Mechanical Feed-Forward Loops Contribute to Idiopathic Pulmonary Fibrosis

Abstract

Idiopathic pulmonary fibrosis is a progressive scarring disease characterized by extracellular matrix accumulation and altered mechanical properties of lung tissue. Recent studies support the hypothesis that these compositional and mechanical changes create a progressive feed-forward loop in which enhanced matrix deposition and tissue stiffening contribute to fibroblast and myofibroblast differentiation and activation, which further perpetuates matrix production and stiffening. The biomechanical properties of tissues are sensed and responded to by mechanotransduction pathways that facilitate sensing of changes in mechanical cues by tissue resident cells and convert the mechanical signals into downstream biochemical signals. Although our understanding of mechanotransduction pathways associated with pulmonary fibrosis remains incomplete, recent progress has allowed us to begin to elucidate the specific mechanisms supporting fibrotic feed-forward loops. The mechanosensors discussed here include integrins, Piezo channels, transient receptor potential channels, and nonselective ion channels. Also discussed are downstream transcription factors, including myocardin-related transcription factor and Yes-associated protein/transcriptional coactivator with PDZ-binding motif. This review describes mechanosensors and mechanotransduction pathways associated with fibrosis progression and highlights promising therapeutic insights.

Figure 1

Mechanoreceptors and signal transduction pathways activating profibrotic gene expression. Fibroblasts sense mechanical cues such as cellular stretch and extracellular matrix stiffening through stretch-activated ion channels, G protein–coupled receptors, and integrins. RGD (arginine-glycine-aspartate) integrin–linked focal adhesion complexes can activate Rho signaling leading to actin polymerization increasing α-smooth muscle actin (αSMA) and cellular contraction. Sensing of mechanical cues is followed by downstream activation of biochemical transduction pathways that converge on and regulate the nuclear translocation of myocardin-related transcription factor (MRTF) and Yes-associated protein (YAP)/transcriptional coactivator with PDZ-binding motif (TAZ).
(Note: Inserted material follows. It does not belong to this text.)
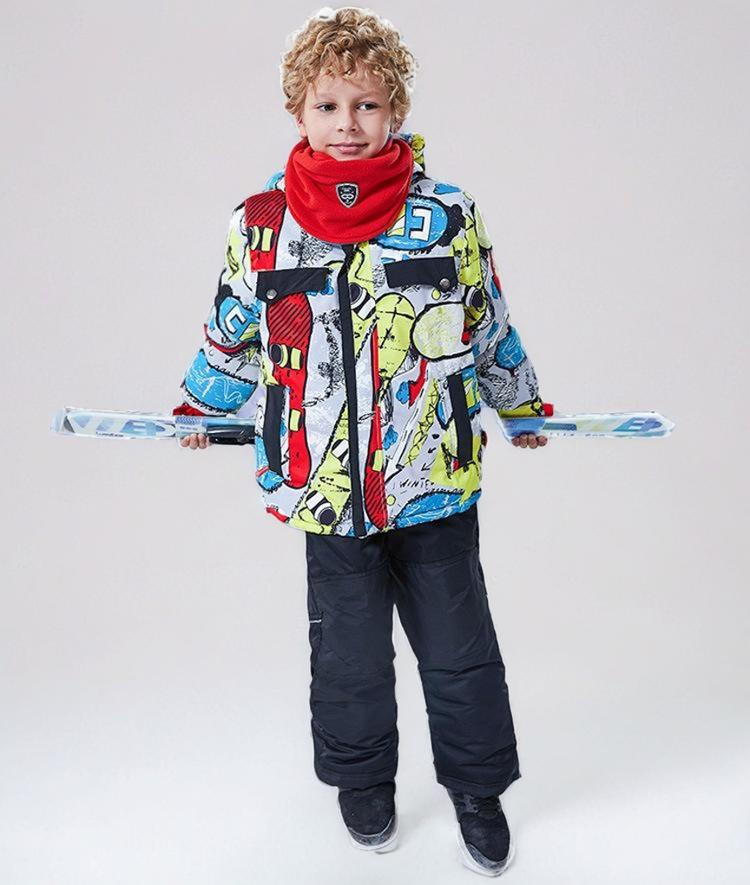 Children's graffiti design ski suit set，4 in 1 Set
This leads to subsequent transcriptional regulation of profibrotic gene expression such as myofibroblast differentiation, extracellular matrix (ECM) deposition, and cellular contraction, further altering the mechanical microenvironment. In addition, application of externally applied force to the latency-associated peptide and latent transforming growth factor β (TGF-β)–binding protein 1 (LTBP1) activates TGF-β and canonical TGF-β/SMAD signaling. FAK, focal adhesion kinase; LINC, linker of nucleoskeleton and cytoskeleton; TGF-βR, TGF-β receptor; TRP, transient receptor potential.